What is being asked
From the line with "Mexen Mist-F Duo" to the line with "Triple Protection Bracelet", output every line below exactly, both ends included. Skip the pictures.

Supplied data
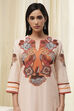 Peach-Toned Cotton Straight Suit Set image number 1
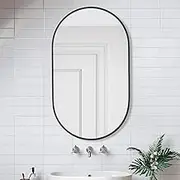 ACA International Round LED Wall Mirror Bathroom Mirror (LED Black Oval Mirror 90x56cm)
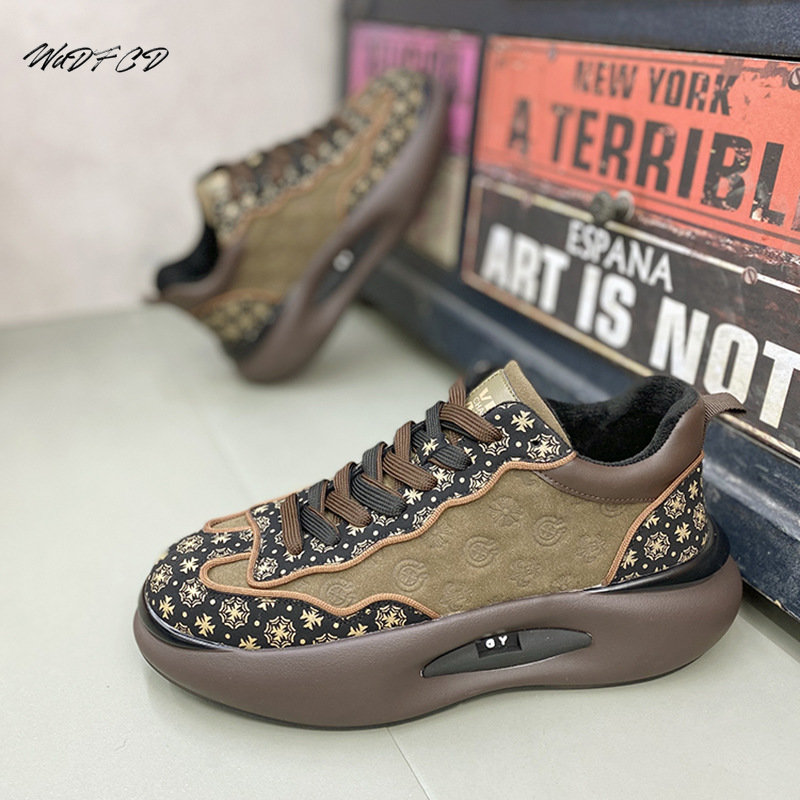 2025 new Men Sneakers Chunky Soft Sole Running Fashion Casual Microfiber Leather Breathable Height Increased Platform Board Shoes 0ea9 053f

--

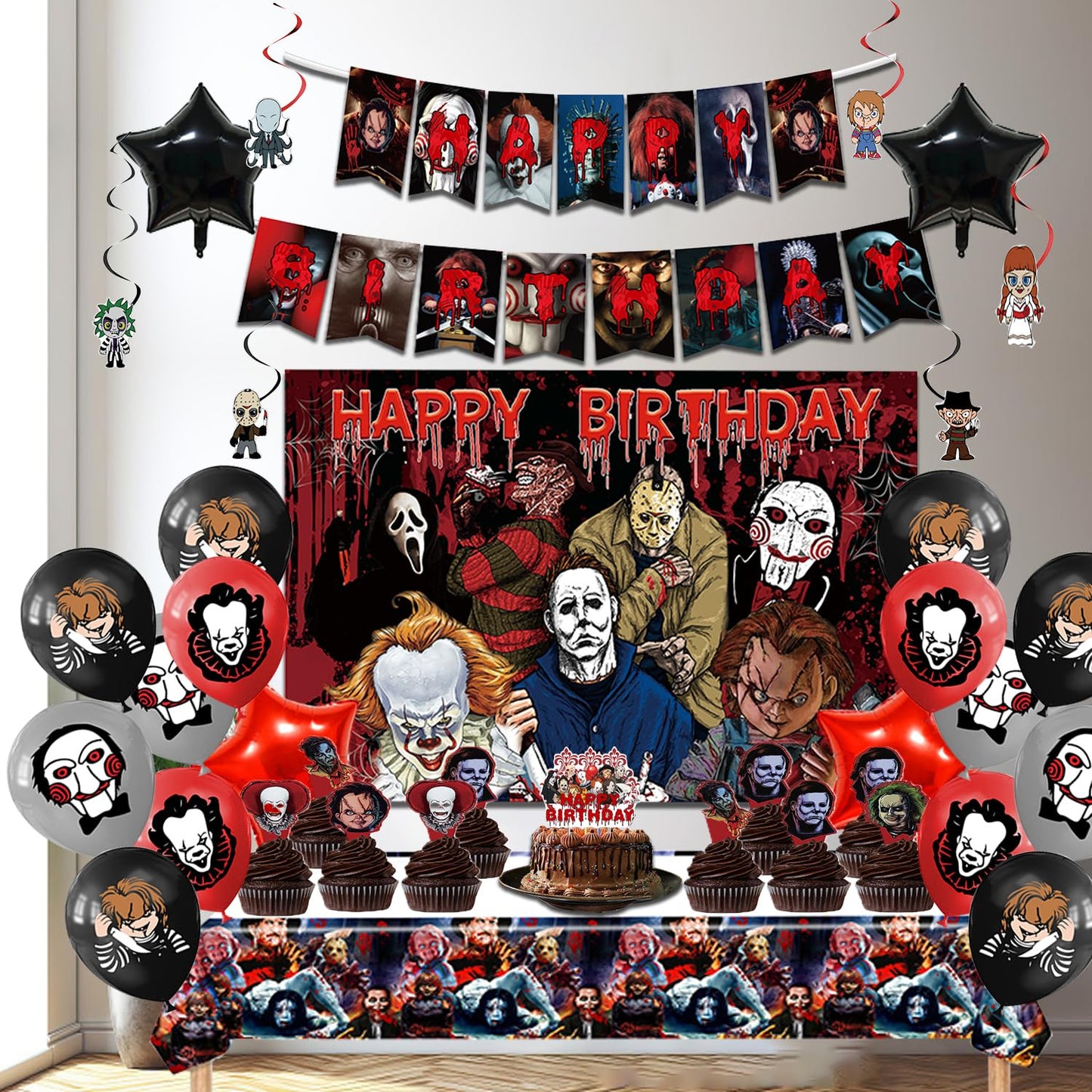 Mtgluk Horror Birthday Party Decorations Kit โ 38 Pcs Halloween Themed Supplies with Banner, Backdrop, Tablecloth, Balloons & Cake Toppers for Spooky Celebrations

...

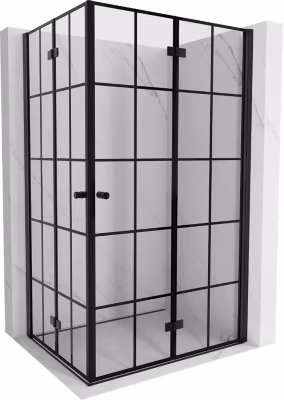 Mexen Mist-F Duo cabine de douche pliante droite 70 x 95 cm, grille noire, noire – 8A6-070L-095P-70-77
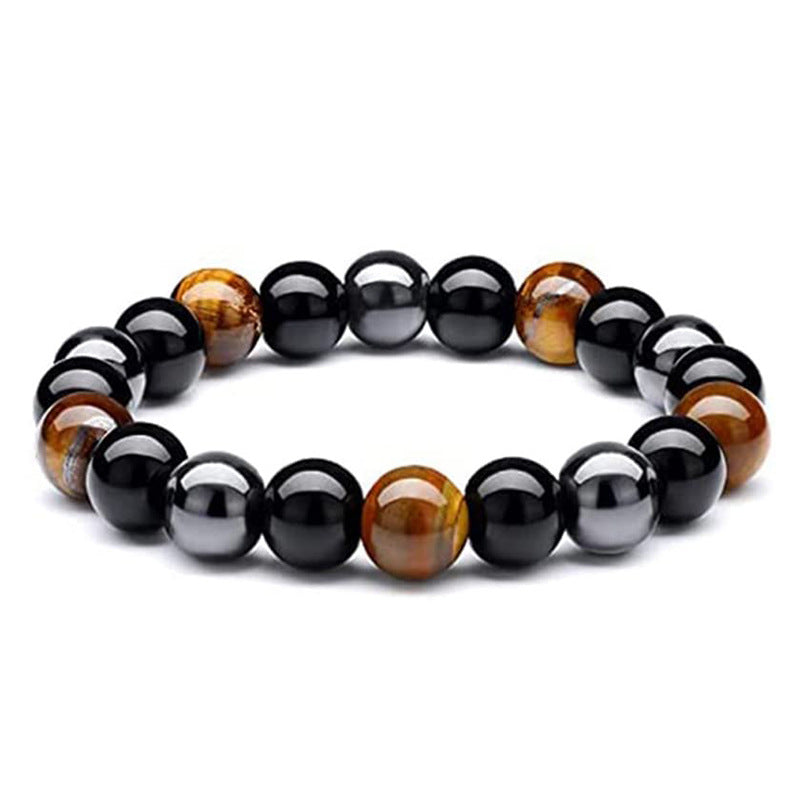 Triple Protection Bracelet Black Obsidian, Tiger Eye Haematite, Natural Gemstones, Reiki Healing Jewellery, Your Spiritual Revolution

Result
 Mexen Mist-F Duo cabine de douche pliante droite 70 x 95 cm, grille noire, noire – 8A6-070L-095P-70-77
 Triple Protection Bracelet Black Obsidian, Tiger Eye Haematite, Natural Gemstones, Reiki Healing Jewellery, Your Spiritual Revolution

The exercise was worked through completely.